## Recorded information
*-*-*

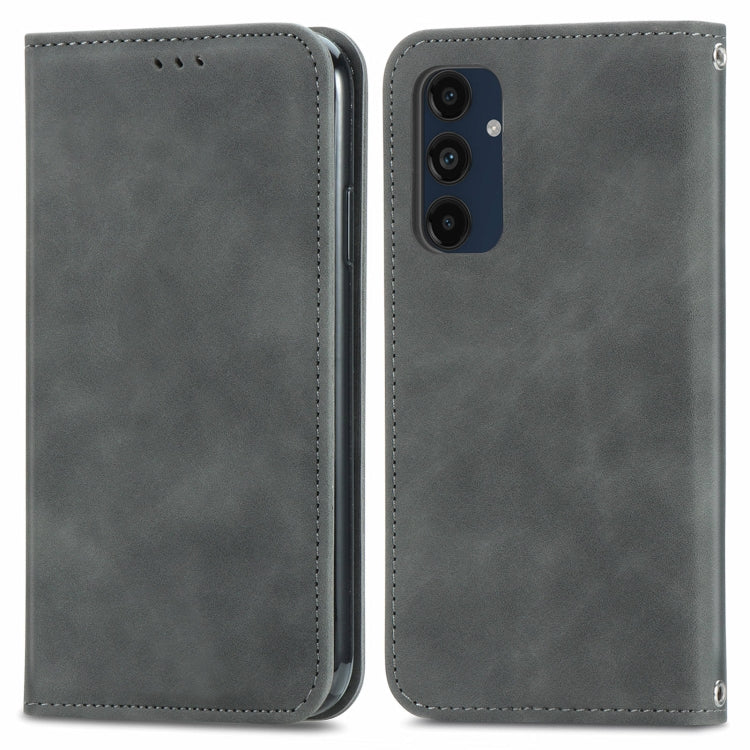 Retro Skin Feel Magnetic Leather Phone Case, For Galaxy S25+ 5G, For Galaxy S25 Ultra 5G, For Galaxy A16, For Galaxy A06, For Galaxy S24 FE 5G, For Samsung Galaxy M35, For Samsung Galaxy M14 4G, For Samsung Galaxy M15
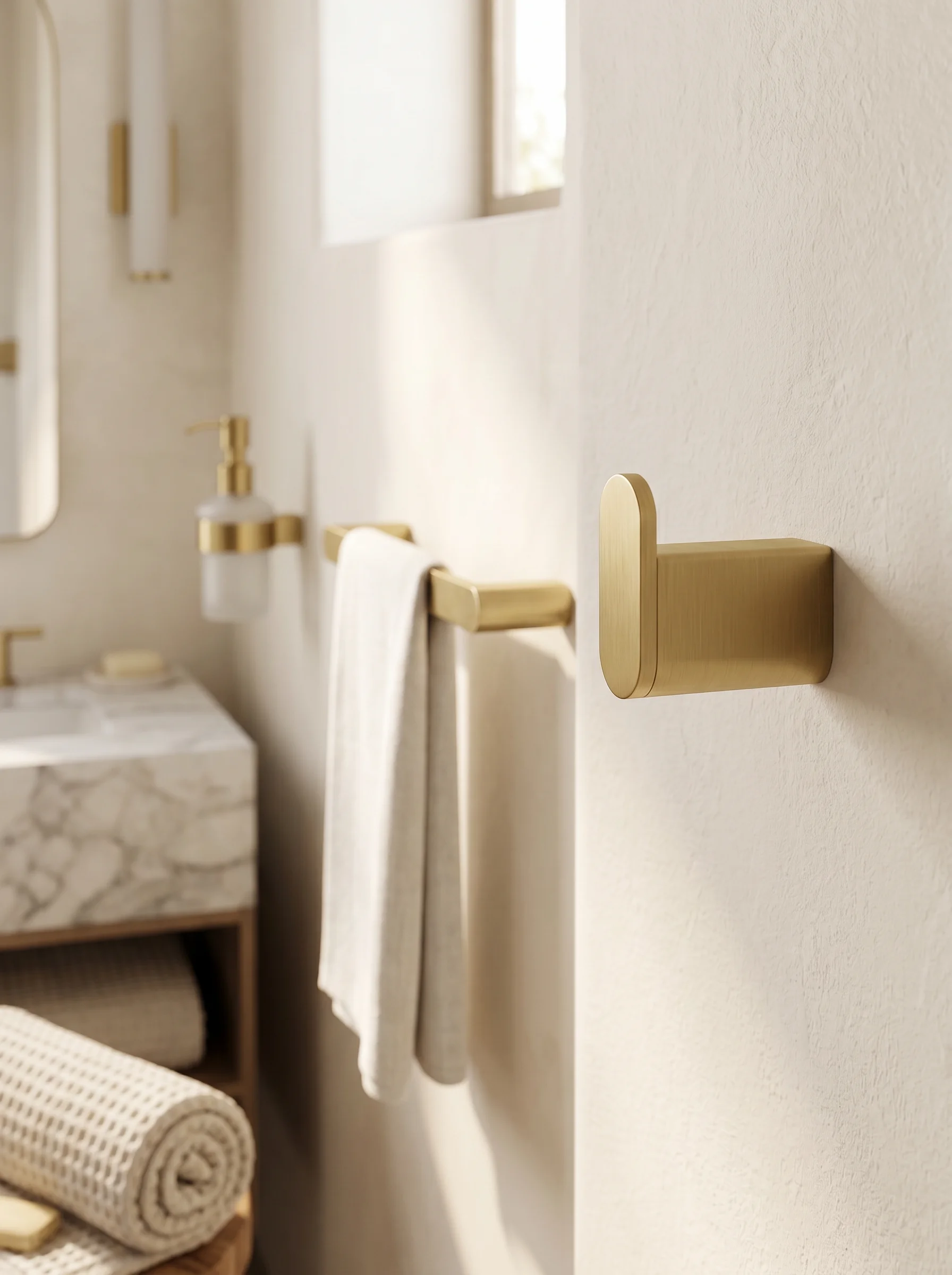 Aurum Robe Hook in a warm, considered bathroom interior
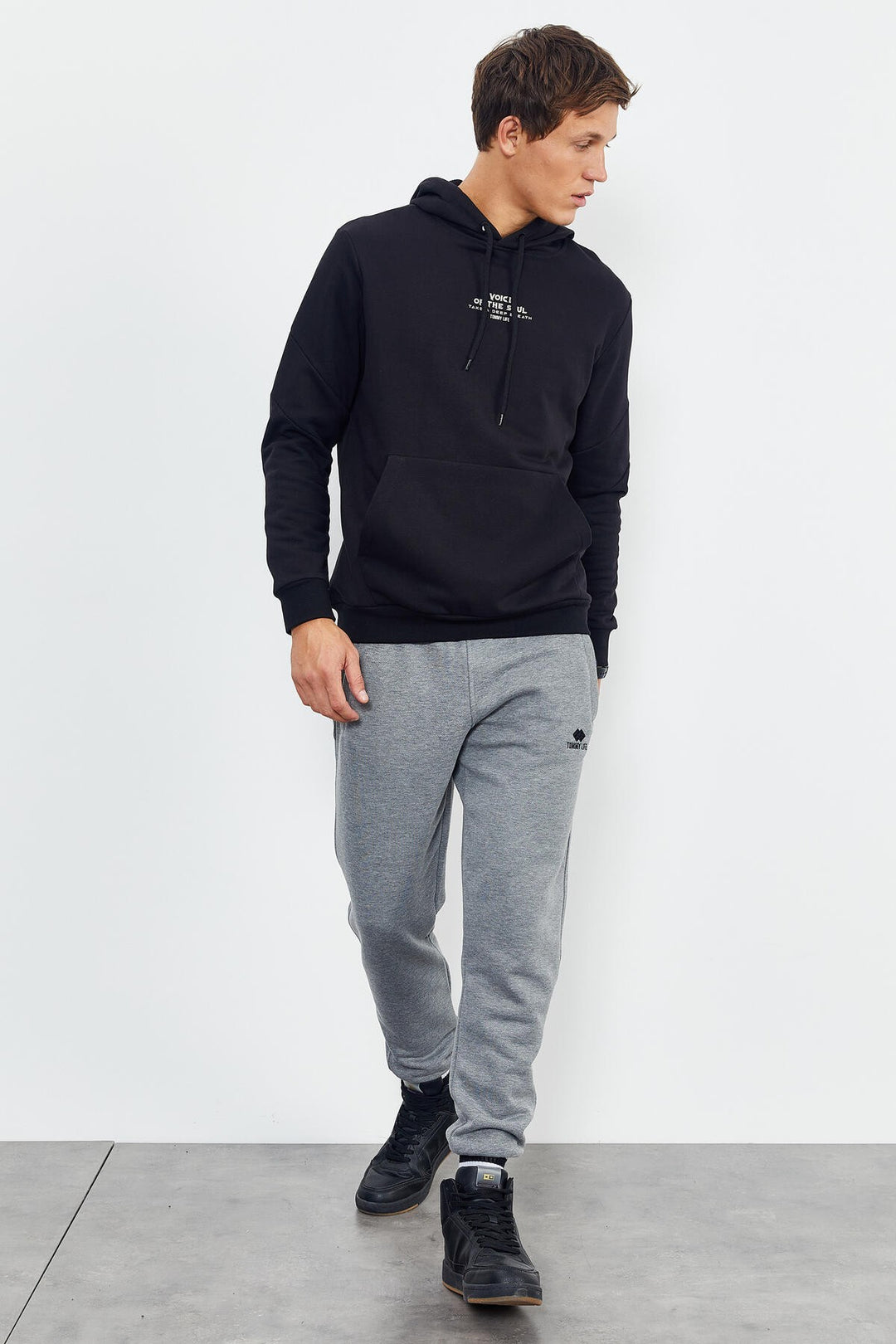 TMY Black Dry Skull Back Printed Hooded Comfort Fit Men's Sweatshirt - 88008 - Tamarac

*-*-*

Write out the material above exactly; no pictures.

## Output
 Retro Skin Feel Magnetic Leather Phone Case, For Galaxy S25+ 5G, For Galaxy S25 Ultra 5G, For Galaxy A16, For Galaxy A06, For Galaxy S24 FE 5G, For Samsung Galaxy M35, For Samsung Galaxy M14 4G, For Samsung Galaxy M15
 Aurum Robe Hook in a warm, considered bathroom interior
 TMY Black Dry Skull Back Printed Hooded Comfort Fit Men's Sweatshirt - 88008 - Tamarac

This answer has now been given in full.